Der Song bewegt sich hart an der Grenze zum Schmalz, aber auch hier ist es eine etwas stärker rockende Bridge und eine Steigerung zum Ende des Songs hin, die den Song vor den kompletten versinken im Popsumpf retten.

Mit „True Believer“ folgt dann ein erstes richtiges Highlight. Der Song startet noch langsamer als Shot One. Es folgt ein plötzliches Anziehen des Tempos und auf einmal sind alle Bestandteile für einen guten Biffy Clyro Rocksong da.

Was den Song hervorhebt, sind seine überraschenden Wendungen. Da wären die typischen schrägen Gitarreneinwürfe, ein Acapella-Teil im Stil von Queen und sogar ein Glockenspiel, das sich mit der Gitarre duelliert.

Zur Abrundung wird Ende der balladeske Anfang noch einmal aufgegriffen und das alles in nicht einmal fünf Minuten.

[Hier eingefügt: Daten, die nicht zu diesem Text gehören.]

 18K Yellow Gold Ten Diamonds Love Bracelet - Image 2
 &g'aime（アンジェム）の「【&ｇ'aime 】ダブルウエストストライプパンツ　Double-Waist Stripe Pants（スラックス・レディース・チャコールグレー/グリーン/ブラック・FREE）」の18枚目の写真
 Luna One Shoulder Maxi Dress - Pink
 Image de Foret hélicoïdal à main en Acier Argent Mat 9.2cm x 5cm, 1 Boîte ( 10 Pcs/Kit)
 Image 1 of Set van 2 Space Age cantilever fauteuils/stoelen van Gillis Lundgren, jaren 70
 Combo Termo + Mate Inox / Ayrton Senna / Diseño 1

Das der Refrain wieder arg bombastisch ist – geschenkt. True Believer ist einfach ein guter Song.

Leider wird dieses hohe Niveau aus der Sicht eines Rockfans nicht gehalten. „Goodbye“ ist dann eine vollwertige Ballade, die mit Streichern ausgestattet sehr sentimental geraten ist. Aber auch hier gibt es den Ausbruch zum Ende mit fettem Gitarrensolo.

Das folgende „Friendshipping“ ist wieder ein reinrassiger Rocksong, der von Anfang an gut nach vorne geht und einfach Spaß macht – wäre da nicht wieder der sehr epische Chorus, aber das zieht sich durch das gesamte Album.

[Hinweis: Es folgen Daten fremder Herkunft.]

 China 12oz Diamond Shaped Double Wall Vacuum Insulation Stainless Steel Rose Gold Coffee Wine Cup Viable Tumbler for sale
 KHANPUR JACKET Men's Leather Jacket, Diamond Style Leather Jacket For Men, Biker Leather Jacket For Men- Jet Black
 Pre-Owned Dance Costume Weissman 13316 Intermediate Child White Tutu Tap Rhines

„Woe is me, Wow is You“ hat dann zumindest einen lustigen Titel. Der Song an sich startet zwar mysteriös, ist dann aber doch wieder ziemlich kitschig geraten. Ab der zweiten Strophe wird es dann richtig dramatisch – muss man mögen.

Mit „It’s Chemical!“ folgt dann wieder ein kleines Highlight. Der Song bietet einen spannenden, verschleppten Rhythmus, eine Wall of Sound, leicht verrückte Gitarren-/Schlagzeug-Einwürfe und tatsächlich mal einen nicht ganz so epischen Refrain.

Insgesamt finde ich den Song vom Sound her aber dann doch etwas zu voll. Er erdrückt einen vor allem am Ende förmlich.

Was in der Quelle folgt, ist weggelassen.